Alors oui, avec nos 2 victoires en 11 journées, nos 8 points plombés par les sanctions, c’est vrai que ce début de saison sent vraiment Beauvais, dont nous revînmes ce vendredi soir le moral lesté de cette honteuse défaite, et de ce pathétique bilan d’une victoire, six nuls et quatre défaites, soit 9 points, sans pénalité. Oui, jeune fou, à l’époque on n’enlevait pas de points. Pourtant, je pourrais te raconter, comment se comportèrent quelques mois auparavant, ceux qui avaient envahi le terrain à l’issue du triste Sainté-Guingamp scellant notre descente.
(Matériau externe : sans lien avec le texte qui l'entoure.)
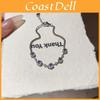 Copper Zircon Stone Charm Bracelet For Women In Light Luxury Fashion Style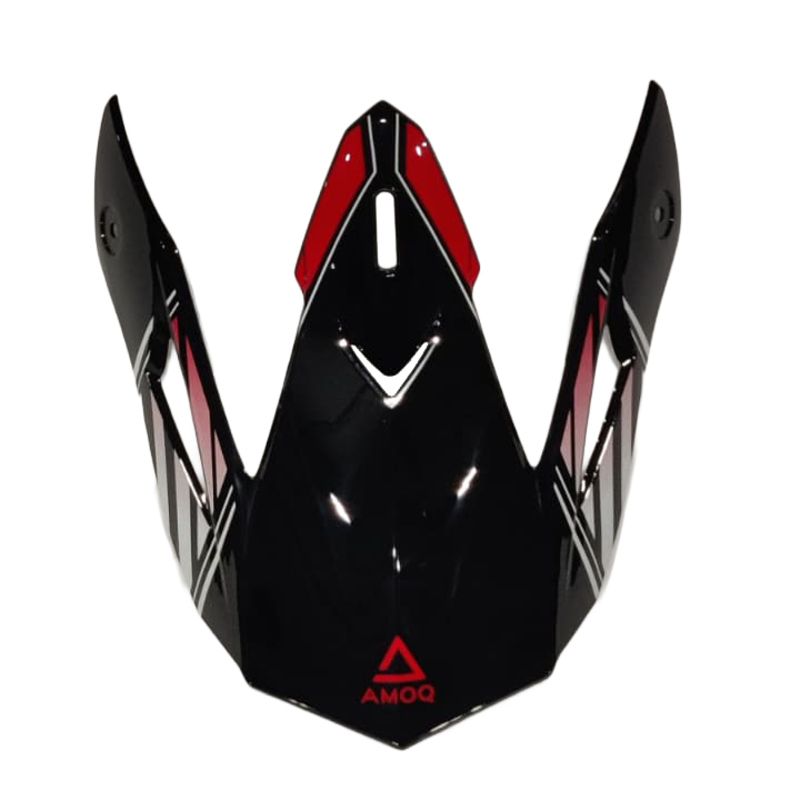 Daszek kasku AMOQ METEOR V2 AXIS BLACK/RED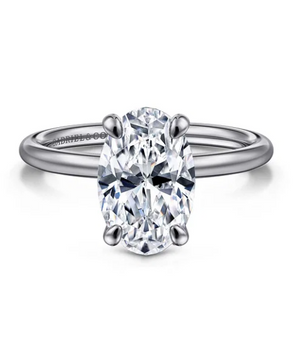 14K White Gold Semi-Mount Engagement Ring by Gabriel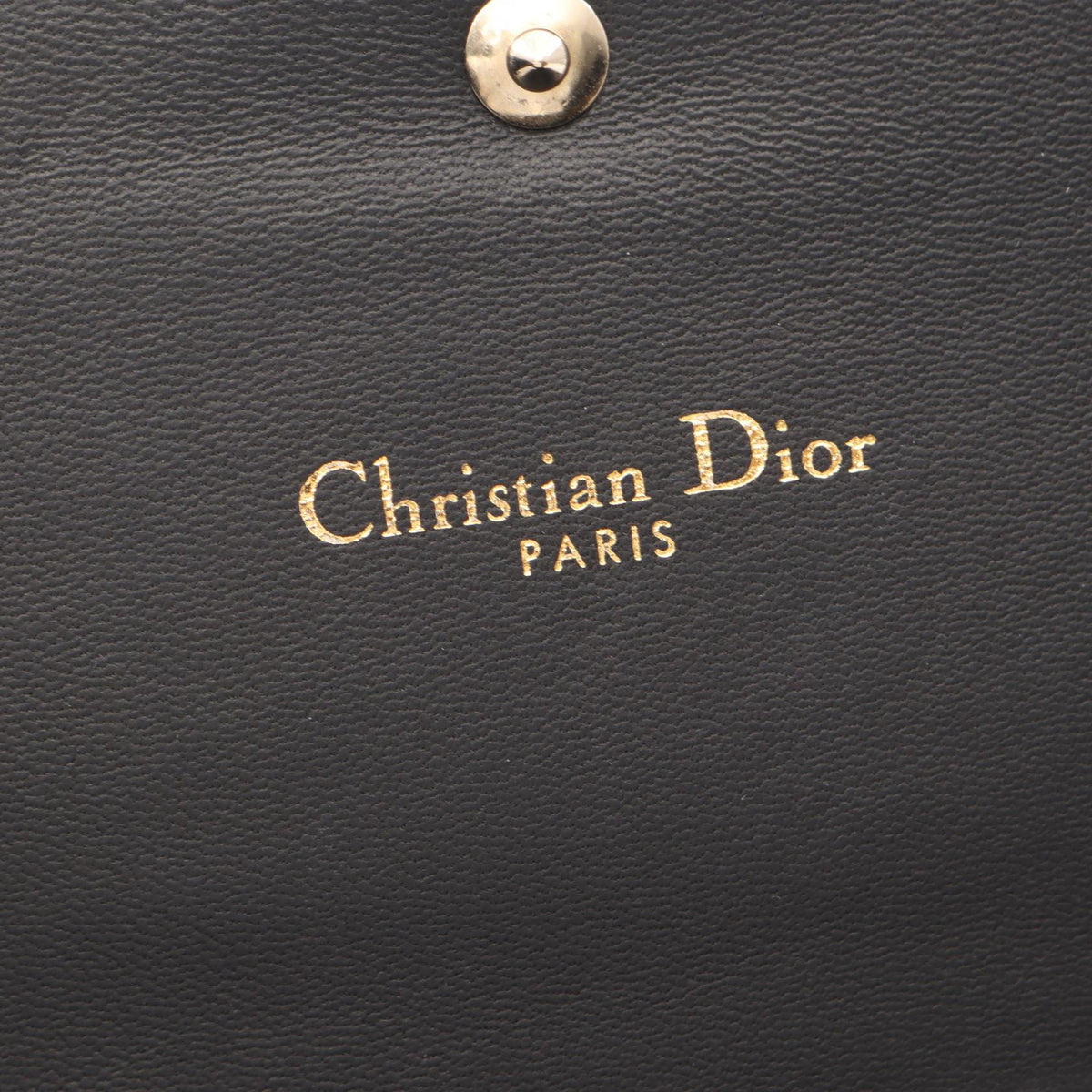 Christian Dior Diorama Shoulder Bag Black leather 2101219974460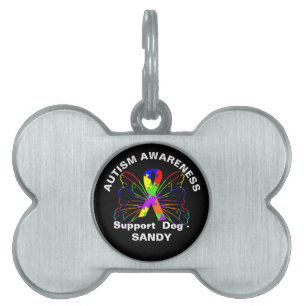 Placa Para Mascotas Un regalo personalizado para perros con conciencia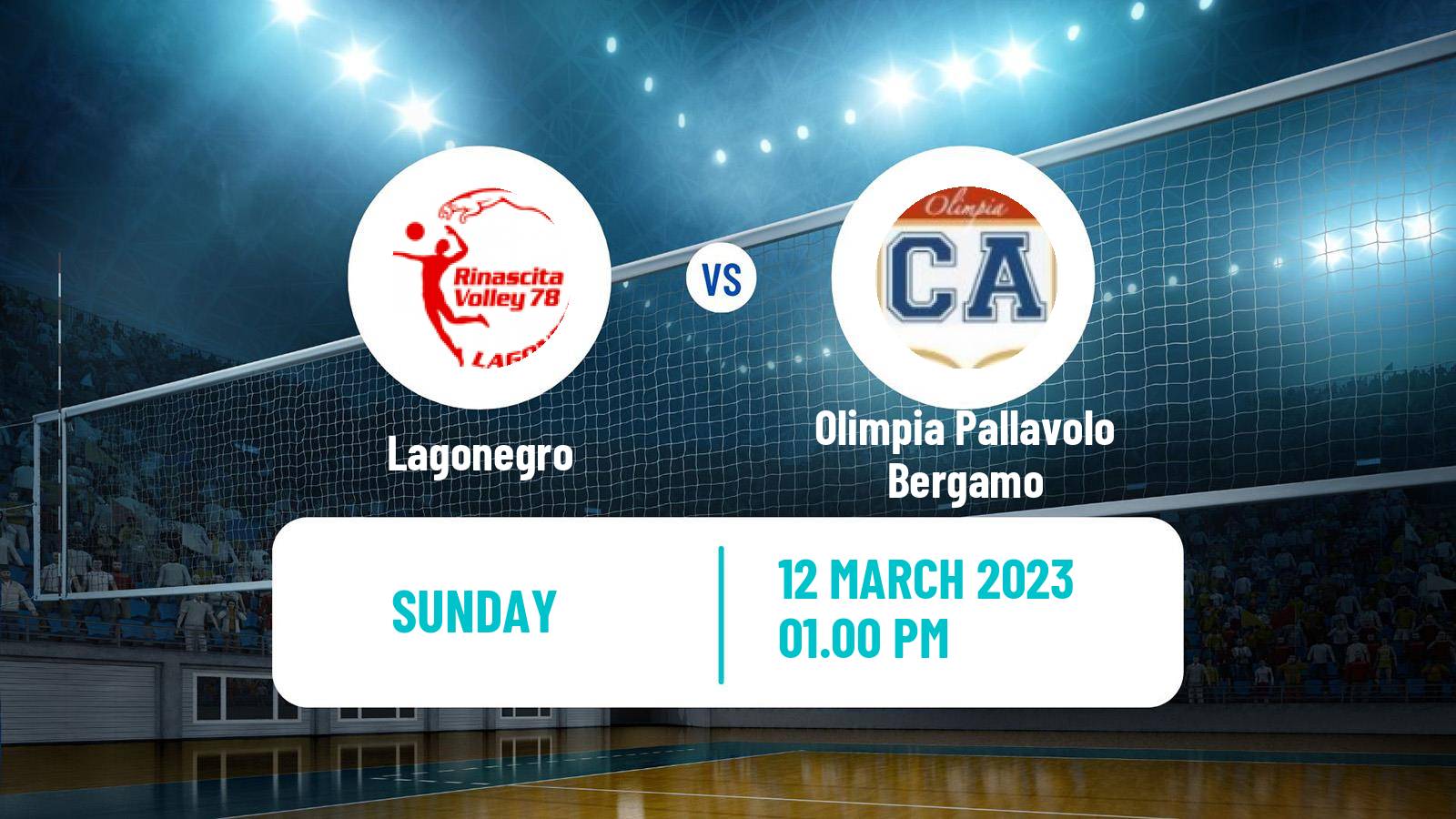 Volleyball Italian Serie A2 Volleyball Lagonegro - Olimpia Pallavolo Bergamo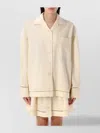 Golden Goose Texture Stripe Oversize Button-up Shirt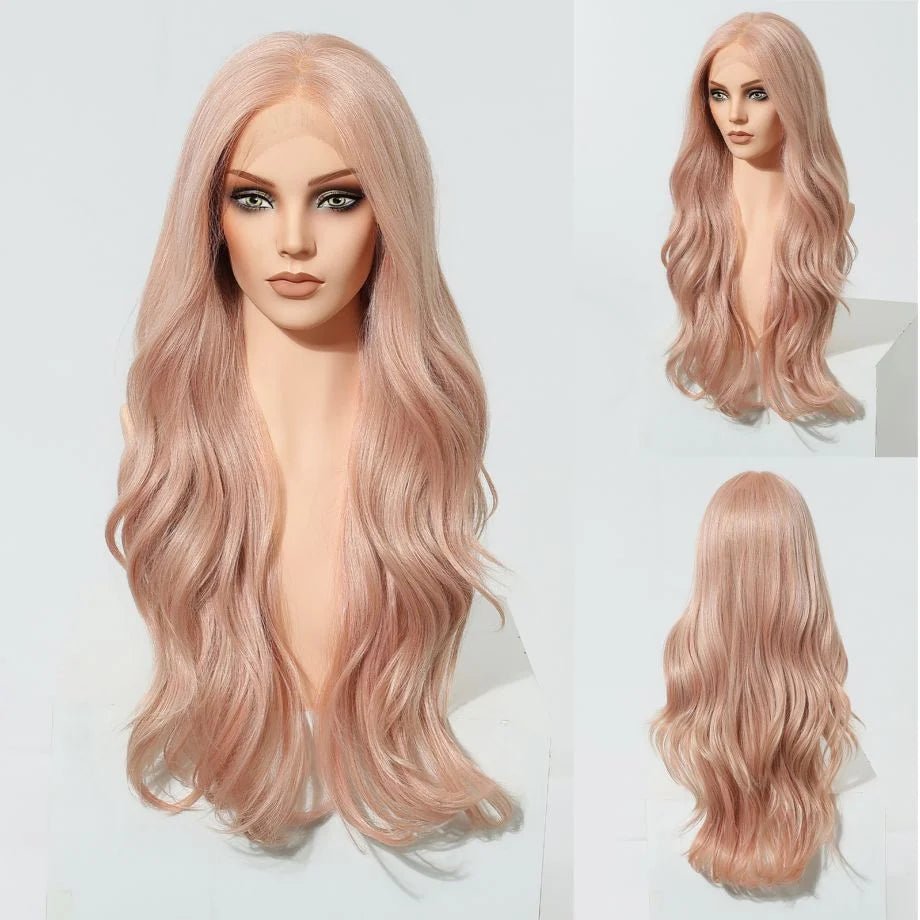 Ash Brown Highlight Lace Front Wig - HairNjoy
Dans ce club gonflé de passion, relégation rime toujours avec traumatisme et chaos.
Pire encore, notre capacité à continuer à sombrer après l’humiliation d’une descente est épatante. Je pourrais, pauvre candide, pour achever de t’en convaincre, te raconter 1984 ou 1996, mais je le sais bien, tu n’as plus l’âge de redemander des histoires pour t’endormir.
Toi tu veux te réveiller, sortir de ce cauchemar total. Alors, revenons à 2022, et à cette éternelle question qui se pose au supporter meurtri, choisir entre l’abattement et l’espoir, entre le renoncement et le combat, entre la télé éteinte et la fidélité à Geoffroy.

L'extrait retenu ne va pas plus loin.